- Coat of arms
- Location of Gmina Miejska Górka
- Coordinates (Miejska Górka): 51°39′20″N 16°57′40″E﻿ / ﻿51.65556°N 16.96111°E
- Country: Poland
- Voivodeship: Greater Poland
- County: Rawicz
- Seat: Miejska Górka

Area
- • Total: 103.62 km^{2} (40.01 sq mi)

Population (2006)
- • Total: 9,283
- • Density: 89.59/km^{2} (232.0/sq mi)
- • Urban: 3,128
- • Rural: 6,155
- Website: https://www.miejska-gorka.pl/

= Gmina Miejska Górka =

Gmina Miejska Górka is an urban-rural gmina (administrative district) in Rawicz County, Greater Poland Voivodeship, in west-central Poland. Its seat is the town of Miejska Górka, which lies approximately 9 km north-east of Rawicz and 83 km south of the regional capital Poznań.
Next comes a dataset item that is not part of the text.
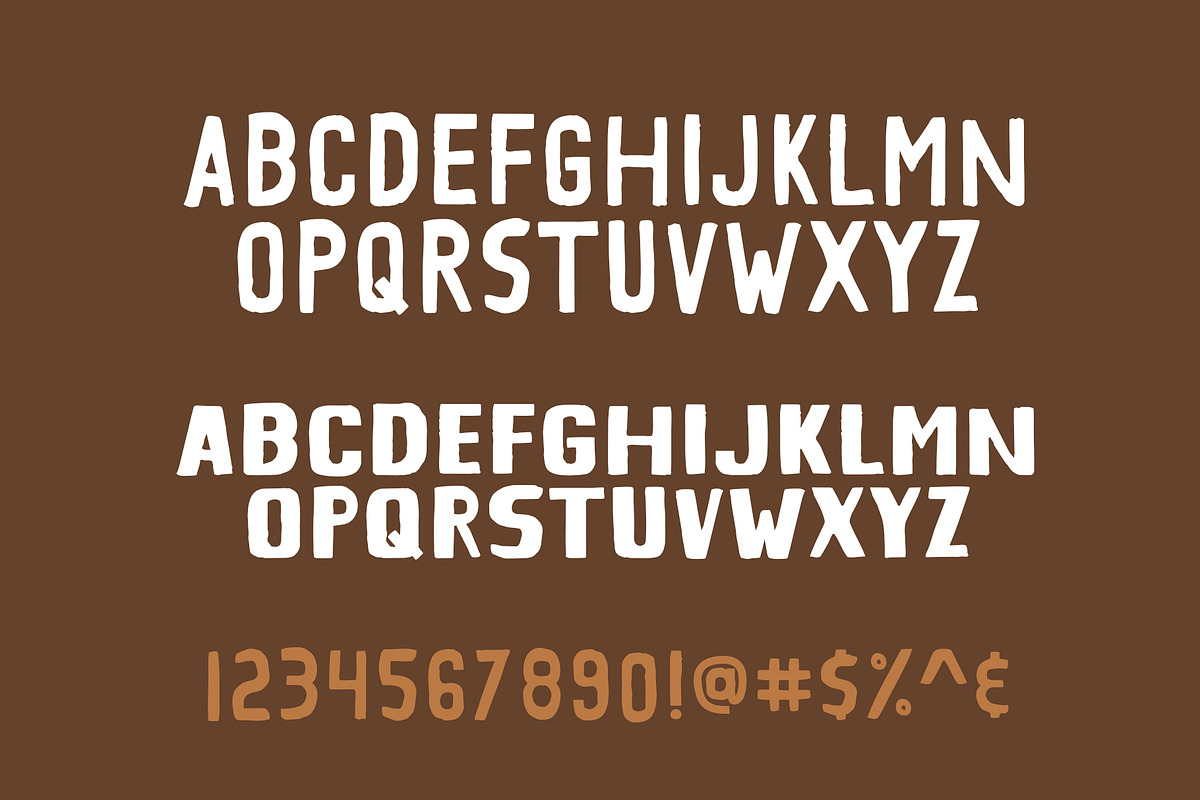 No Man's Land Hand Drawn Font preview 3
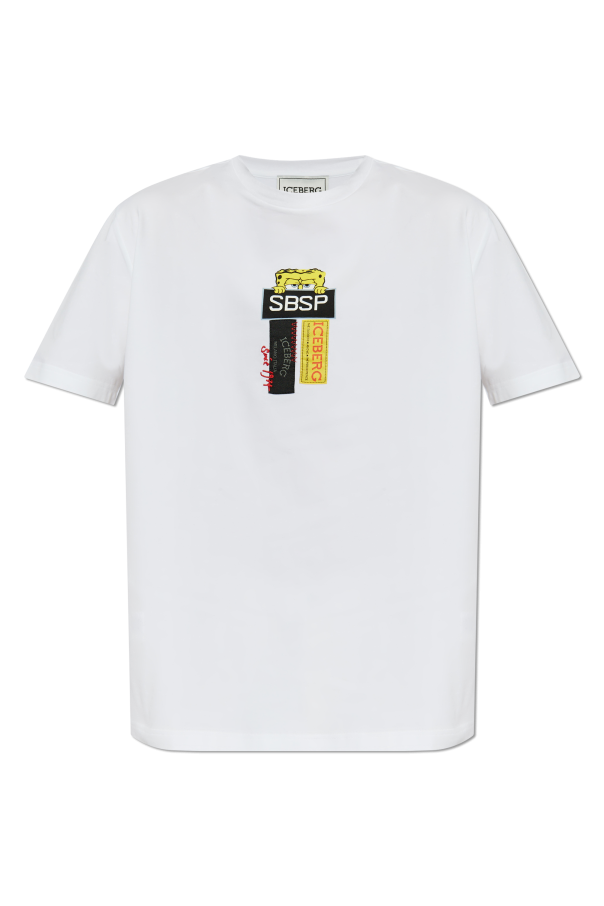 T-shirt with patches and print, zdjęcie 1 T-shirt with patches and print od Iceberg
The gmina covers an area of 103.62 km2, and as of 2006 its total population was 9,283 (out of which the population of Miejska Górka amounted to 3,128, and the population of the rural part of the gmina was 6,155).

==Villages==
Apart from the town of Miejska Górka, Gmina Miejska Górka contains the villages and settlements of Annopol, Dąbrowa, Dłoń, Gostkowo, Jagodnia, Karolinki, Kołaczkowice, Konary, Melanowo, Niemarzyn, Oczkowice, Piaski, Roszkówko, Roszkowo, Rozstępniewo, Rzyczkowo, Sobiałkowo, Topólka, Woszczkowo, Zakrzewo, Zalesie and Zmysłowo.

==Neighbouring gminas==
Gmina Miejska Górka is bordered by the gminas of Bojanowo, Jutrosin, Krobia, Pakosław, Pępowo, Poniec and Rawicz.